Stock Ranking with Boosting

Introduction

This is the third post in a series on stock ranking. The first used a simple low-volatility factor. The second combined multiple features with Ridge regression. Now I want to see if a non-linear model can do better.

The setup stays the same: Russell 1000 stocks, ranked daily, long the top 75, short the bottom 75, with volatility-targeted sizing and tranched rebalancing. Only the model changes.

Why LightGBM

Ridge learns fixed weights for each feature. That’s limiting. Markets aren’t linear, and there are patterns Ridge can’t capture: a feature like volatility might only matter when combined with momentum, or extreme values might behave differently than moderate ones.

Gradient boosting handles this naturally. It builds predictions by stacking small decision trees, each one correcting the mistakes of the previous. The result is a model that can learn interactions and non-linearities without me having to specify them.

I’m using LightGBM specifically because it’s fast. XGBoost and CatBoost would probably give similar results, but LightGBM trains quicker on large datasets. For rolling estimation, speed matters.

Performance

The results are strong.

Figure 1: LightGBM strategy performance, before and after transaction costs.
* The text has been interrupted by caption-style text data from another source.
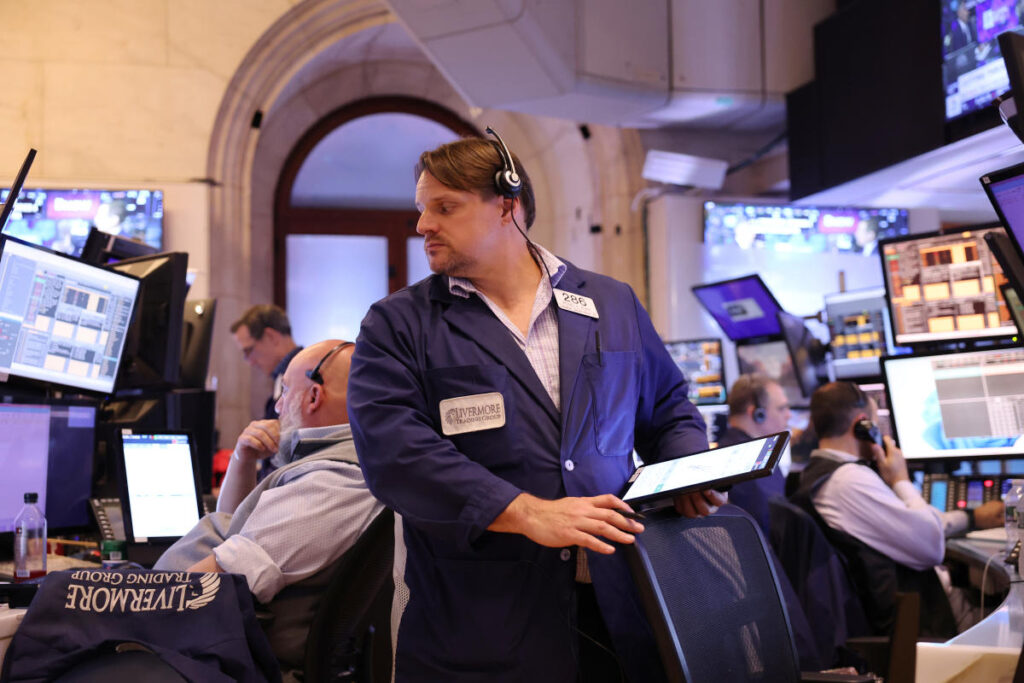 Stock market today: Stocks wobble as investors weigh cooling inflation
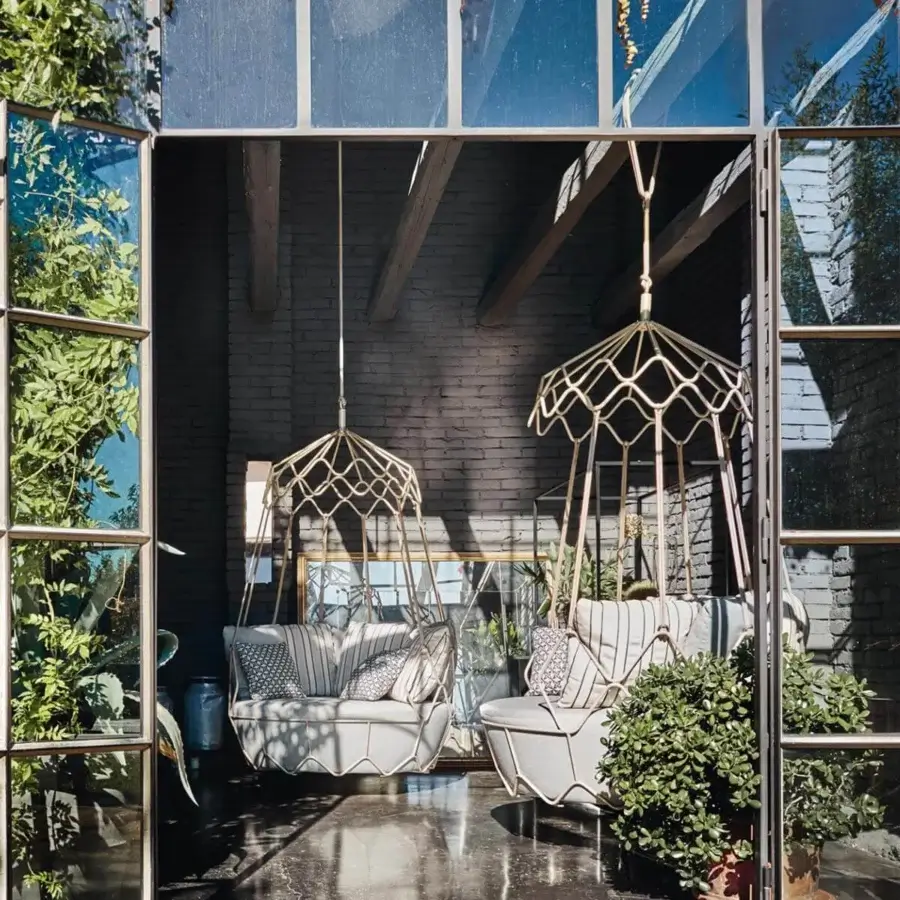 Exceptional Roberti Rattan Gravity lounge chair crafted with light gold stainless steel, nautical rope and light gray cushions with striped patterns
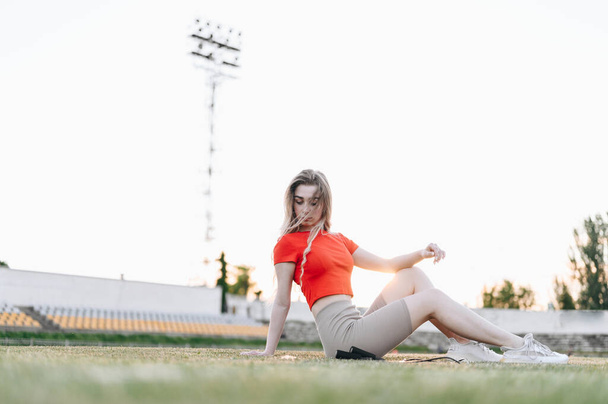 Dívka vstává z trávy v Red Top. Provazový výcvik. Atletická dlouhosrstá žena leží na zelené trávě. Rozmazané pozadí. - Fotografie, Obrázek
Metric	Short Leg	Long Leg	L/S (No Fees)	L/S (Fees)	Russell 1000
Return (Annualized)	1.46%	12.48%	12.33%	10.69%	7.29%
Volatility (Annualized)	9.95%	10.54%	6.67%	6.69%	19.58%
Sharpe Ratio	0.15	1.18	1.85	1.60	0.37
Max Drawdown	30.78%	31.10%	13.79%	13.97%	56.88%
Max Time Underwater	1,619 days	599 days	234 days	265 days	1,666 days

Table 1: Performance with and without transaction costs (5 bps per trade).

After fees, the strategy returns 10.7% annually with ~7% volatility, giving a Sharpe of 1.60. Drawdowns stay around 14%, and recovery is relatively quick.
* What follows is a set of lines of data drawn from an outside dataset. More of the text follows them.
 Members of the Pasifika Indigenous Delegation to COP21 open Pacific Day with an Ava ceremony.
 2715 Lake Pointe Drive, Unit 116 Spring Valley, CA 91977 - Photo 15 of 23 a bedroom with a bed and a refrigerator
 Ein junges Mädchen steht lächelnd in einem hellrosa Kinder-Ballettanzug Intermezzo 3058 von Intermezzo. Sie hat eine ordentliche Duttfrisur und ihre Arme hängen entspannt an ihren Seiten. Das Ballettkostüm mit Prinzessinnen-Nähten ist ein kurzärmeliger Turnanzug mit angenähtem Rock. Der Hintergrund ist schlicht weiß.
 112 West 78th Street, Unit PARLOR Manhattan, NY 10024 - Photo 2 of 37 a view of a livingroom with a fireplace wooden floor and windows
Both legs do their job. The long leg returns 12.5%, well above the Russell 1000’s 7.3%. The short leg returns just 1.5%, meaning those bottom-ranked stocks underperform as intended. That’s the clean separation you want in a ranking strategy.

Signal Quality

Before portfolio construction, how well does each model actually rank stocks?

Each day, I compute the Spearman correlation between predicted scores and realized 20-day forward Sharpe ratios. This measures raw signal quality, independent of position sizing or rebalancing.
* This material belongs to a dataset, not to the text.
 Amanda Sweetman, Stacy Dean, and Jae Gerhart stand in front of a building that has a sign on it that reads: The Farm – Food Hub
Figure 2: Cumulative Spearman correlation between model signals and realized rankings.

Metric	Low Volatility	Ridge	LightGBM
Mean	4.96%	5.14%	5.43%
Standard Deviation	14.39%	8.70%	7.03%
Sharpe Ratio	0.34	0.59	0.77

Table 2: Daily signal quality metrics.

Correlations around 5% might seem low, but that’s normal for financial data. The key is consistency. LightGBM delivers a more stable signal with less variance and a higher signal-level Sharpe. Even weak signals compound into meaningful performance when applied systematically.

Comparing All Three

Figure 3: Full sample performance (1997-2024).

Figure 4: Last decade (2015-2024).

Metric	Low Vol (Full)	Ridge (Full)	LGBM (Full)	Low Vol (10Y)	Ridge (10Y)	LGBM (10Y)
Return (Ann.)	5.62%	8.76%	11.68%	7.94%	8.91%	9.33%
Volatility (Ann.)	8.67%	7.98%	7.09%	9.76%	8.91%	8.17%
Sharpe Ratio	0.67	1.09	1.59	0.83	1.00	1.13
Max Drawdown	35.27%	20.18%	13.71%	12.11%	17.07%	11.69%
Max Time Underwater	844 days	862 days	297 days	350 days	307 days	297 days

Table 3: Performance comparison across all three approaches.

LightGBM leads across nearly every metric. Higher returns, lower volatility, smaller drawdowns, faster recovery.

But the last decade tells a different story. Performance has softened across the board. LightGBM’s Sharpe drops from 1.59 to 1.13, and Ridge isn’t far behind at 1.00. The edge has narrowed.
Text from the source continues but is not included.